WORK REQUEST — Copy each line below as written, but skip the pictures.

DATASET EXCERPT —
#####

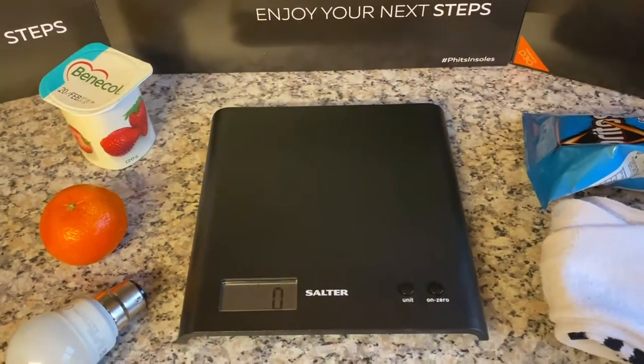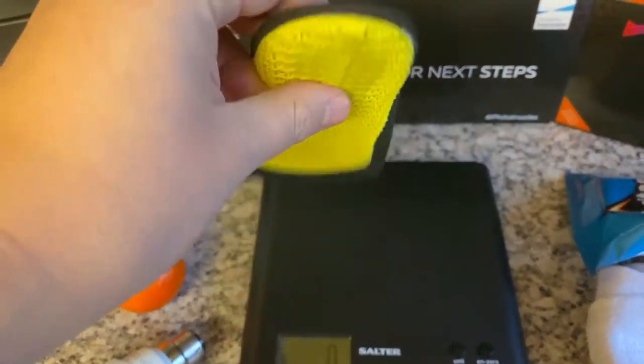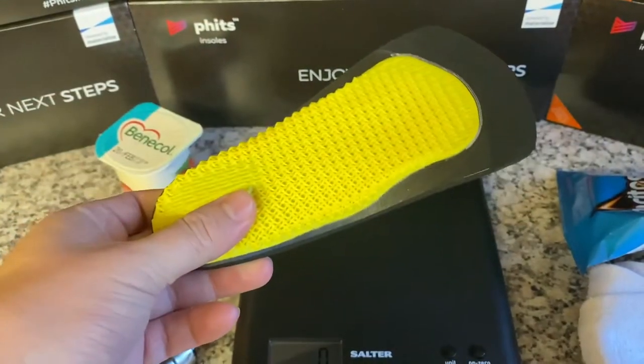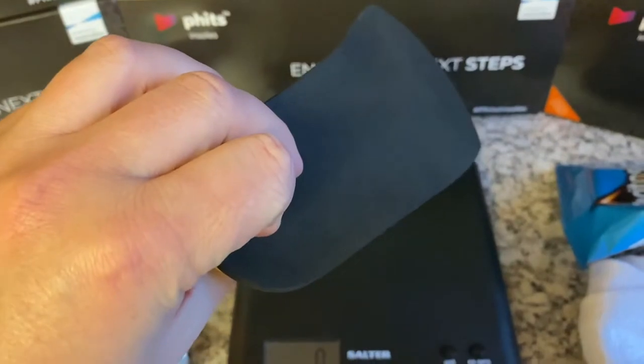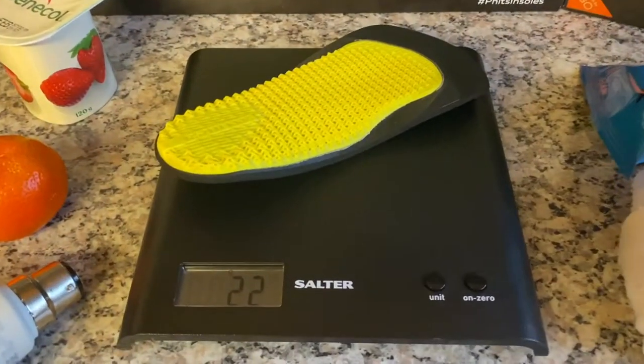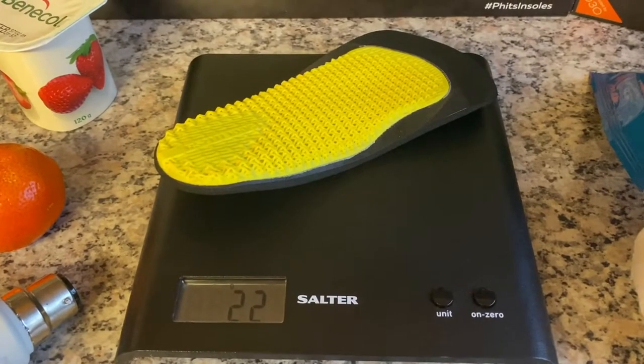Now for the FITS insole. Here we have our new low heel cut design, combined with a narrow shell, low lateral edge, metatarsal dome, and a three-quarter length top cover for comfort. 22g — that's just 0.8 ounces.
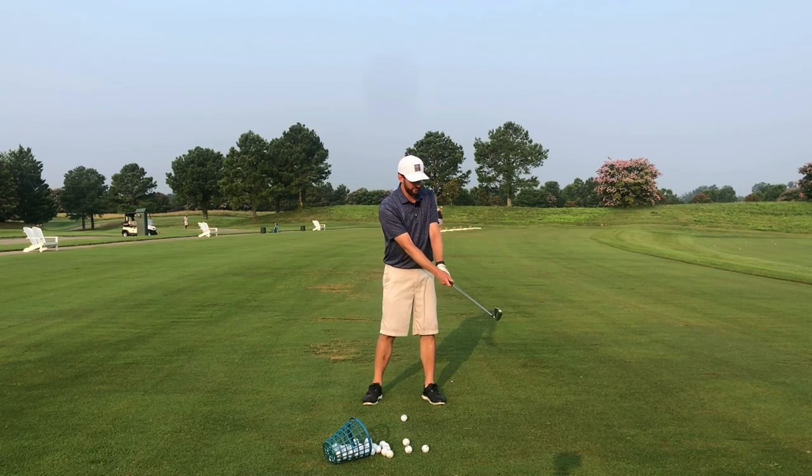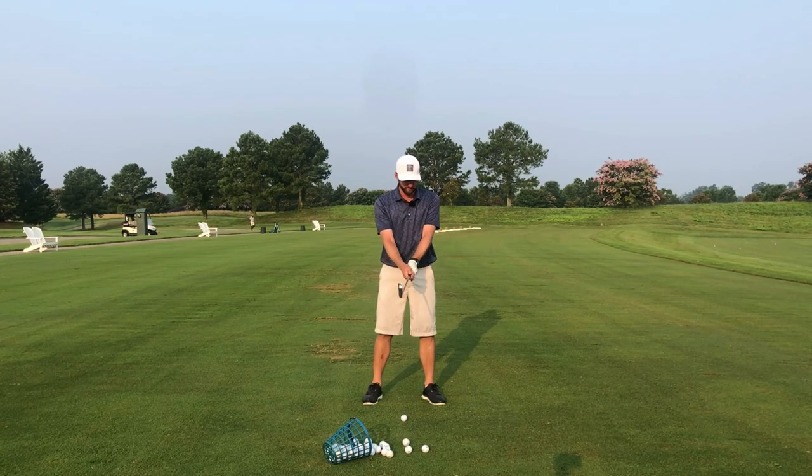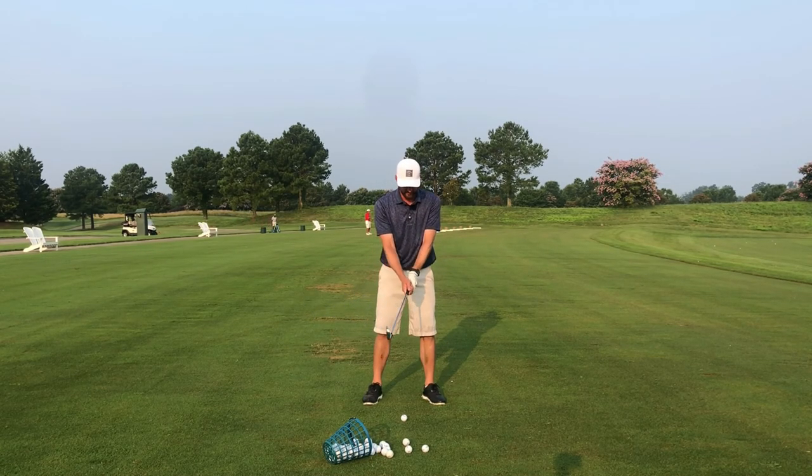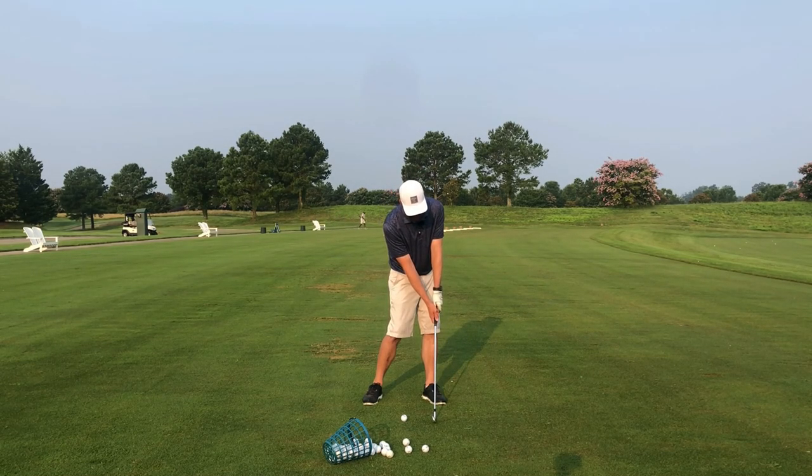I had some audio issues, so I'm doing this in a voiceover. What you're seeing here is that I stand straight up, keep my hands right in front of my body, and turn slightly towards the target. As a high swing speed player, I'm turning until my hands get over my lead shoe. If you're a slower swing speed player, you'll turn a little bit less than that. I turn until my hands are over my shoe, then lean back to the ball and — without moving my hands — place my club head behind the ball. This mimics a great impact position.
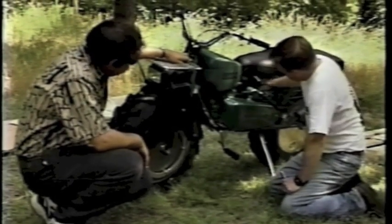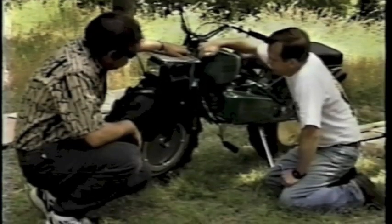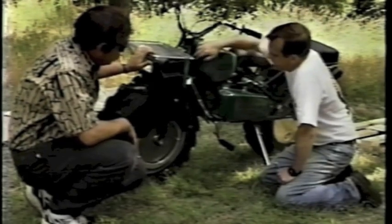It starts off back here at the three-speed transmission. We have a drive shaft coming up the center tube in the heart of the bike, right through to here where there's a flexible universal joint, so you can turn your handlebar and still get power delivered.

#####

EXPECTED ANSWER —
Now for the FITS insole. Here we have our new low heel cut design, combined with a narrow shell, low lateral edge, metatarsal dome, and a three-quarter length top cover for comfort. 22g — that's just 0.8 ounces.
I had some audio issues, so I'm doing this in a voiceover. What you're seeing here is that I stand straight up, keep my hands right in front of my body, and turn slightly towards the target. As a high swing speed player, I'm turning until my hands get over my lead shoe. If you're a slower swing speed player, you'll turn a little bit less than that. I turn until my hands are over my shoe, then lean back to the ball and — without moving my hands — place my club head behind the ball. This mimics a great impact position.
It starts off back here at the three-speed transmission. We have a drive shaft coming up the center tube in the heart of the bike, right through to here where there's a flexible universal joint, so you can turn your handlebar and still get power delivered.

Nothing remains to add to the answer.